Ivan Martin Jirous
From Wikipedia, the free encyclopedia
Ivan Martin Jirous (born September 23, 1944) is a Czech poet, best known for being the artistic director of the Czech psychedelic rock group The Plastic People of the Universe and later one of organizers of Czech underground during the Communist regime. He is also known more frequently as Magor, which can be roughly translated as "loony" or "blockhead" and is supposedly derived from "phantasmagoria", author of this nickname is "experimental" poet Eugen Brikcius. His wife, Věra Jirousová, wrote a good number of the Plastics' early lyrics.
Trained as an art historian but unable to work as such under the Communist regime in then Czechoslovakia, Magor/Jirous was a member of the dissident subculture there. His particular contribution to Czech dissidence was his work on the concept of the "Parallel Polis," or "Second Culture." Magor believed that simply expressing oneself through art could ultimately undermine the totalitarian system: if enough artists, journalists, and musicians were to simply keep practicing their arts without giving in to the pressures of socialist realism, eventually a critical mass of people, all living in truth, would inspire the rest of the populace to see the totalitarian system for the flismy front it really was.

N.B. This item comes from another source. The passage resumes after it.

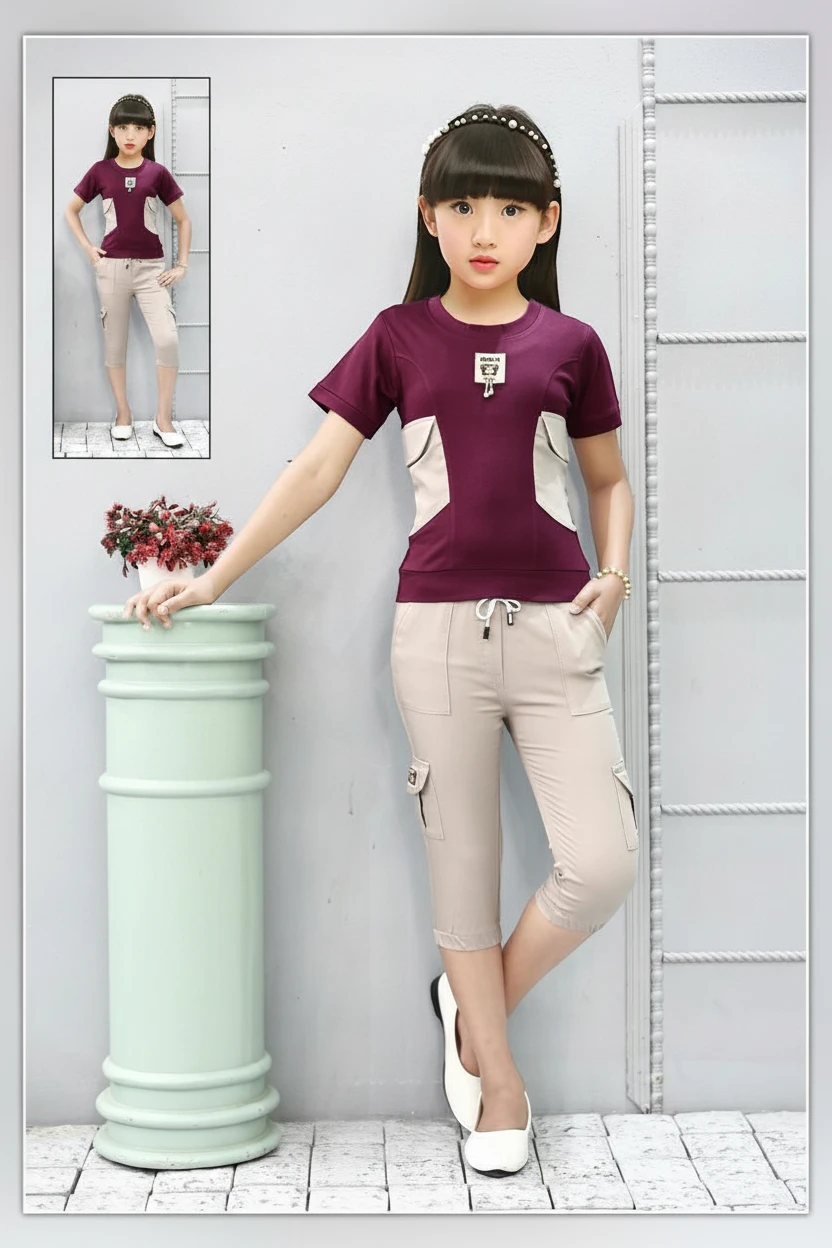 Girl in a wine solid tee and cargo capri, Mini Betti girls co-ord set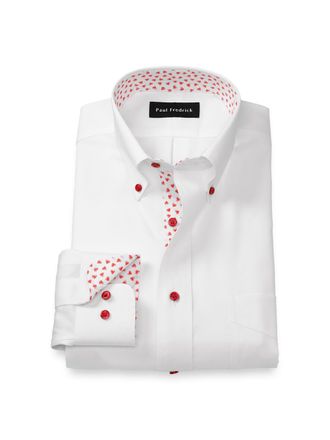 Paul Fredrick Slim Fit Comfort Stretch Non-iron Solid Dress Shirt With Contrast Trim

In a sense, this is what happened. It is certainly true that the Charter 77 movement, a group of dissidents which had first coalesced around the Plastics and Magor when they had gone on trial in 1976, ended up supplanting the communist government by popular appeal in 1989. In a sense, if only a sense, the Plastics and Magor thus inspired the Velvet Revolution.
He is friends with Václav Havel, and is mentioned several times in Havel's Letters to Olga.